Chair: Dr. Harry Aintablian
Candidate: Master of Science in Electrical & Computer Engineering
4:00 P.M.; Discovery (DISC) 464 or Join Jose Fernando Pagan’s defense online
Thesis: System for Fine Control of Differential Drive, Over Uneven Terrain

Autonomous land vehicles and naval surface vehicles are a subset of systems that may benefit from improved course tracking and correction systems. Existing kinematic models for drive systems assume ideal conditions where travel occurs over smooth flat surfaces. Outside of the R&D laboratory, thes e vehicles will traverses surfaces that deviate from such ideal conditions. The work undertake n, in this thesis, examines the kinematics and behavior of a 2 wheel differential drive (2WDD) system traversing surfaces with discontinuities.

The 2WDD system was chosen because it is well known and offers a comprehensible baseline to correlate vehicle behavior with forward and in verse kinematics. Such vehicles display specific and predictable behaviors when traversing a surface with discontinuities, specifically, dips or bumps. Vehicle behavior is studied and translated to mathematical models that can be used to demonstrate behaviors in simulation (using MATLAB and Simulink).

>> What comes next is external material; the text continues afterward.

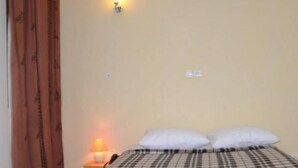 Quarto com cama, ar-condicionado na parede, mesa de cabeceira com abajur e cortina.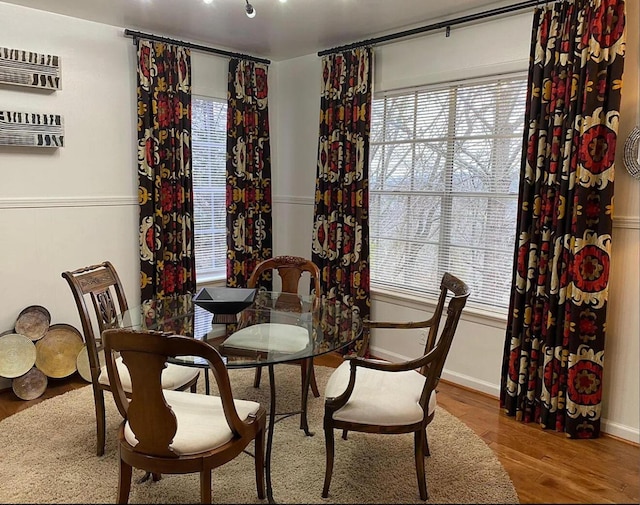 dining space featuring plenty of natural light and wood finished floors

Finally, this thesis examines the modeled behavior and proposes a control system to mitigate the undesired affects, of these behaviors. In particular, traversing a discontinuity produce a vehicle turn toward the discontinuity. This behavior is problematic when it is desired that the vehicle travel in a straight line. Thus, this thesis proposes a differential drive feedback control system designed to mechanism mitigate this undesired turning behavior and minimize deviations from the intended course of travel.

Thursday, July 30

Adam Loper

Chair: Dr. Kaibao Nie
Candidate: Master of Science in Electrical & Computer Engineering
3:30 P.M.; Discovery (DISC) 464 or Join Adam Loper’s defense online
Thesis: Specific Loudness Features for Sound Event Classification and Localization in Machine Learning

In sound event classification and localization, the mel spectrogram is the de facto standard input feature. It is, however, only a partial model of human hearing: it reshapes the frequency axis to match the ear but leaves the magnitude axis in raw physical units, ignoring the equal-loudness weighting, masking, and compressive growth that determine how loud a sound is actually perceived. This thesis investigates whether completing that perceptual transform—using the ISO 532 specific-loudness models from psychoacoustics—produces input features better matched to sound categories that are themselves defined by human listeners.

The central study concerns sound event classification. On the widely used ESC-50 benchmark, specific-loudness features significantly outperform both the linear-frequency spectrogram (STFT) and the mel spectrogram under an identical neural network, raising accuracy from 53.1% for mel to 63.0%. A controlled ablation shows that most of this improvement is recovered by a lightweight loudness transform applied directly to an ordinary mel spectrogram, at essentially no additional cost—identifying the perceptual treatment of the magnitude axis, rather than the frequency scale, as the source of the benefit. The effect replicates on two further datasets and extends even to acoustic scene classification. A second study applies the same features to spatial audio, where two-channel binaural loudness matches the localization-and-detection performance of a four-channel ambisonic format.

Together, these results support the central thesis: for sound classes defined by human perception, input representations that incorporate perceptual loudness align more closely with classification targets than representations based on physical signal properties alone.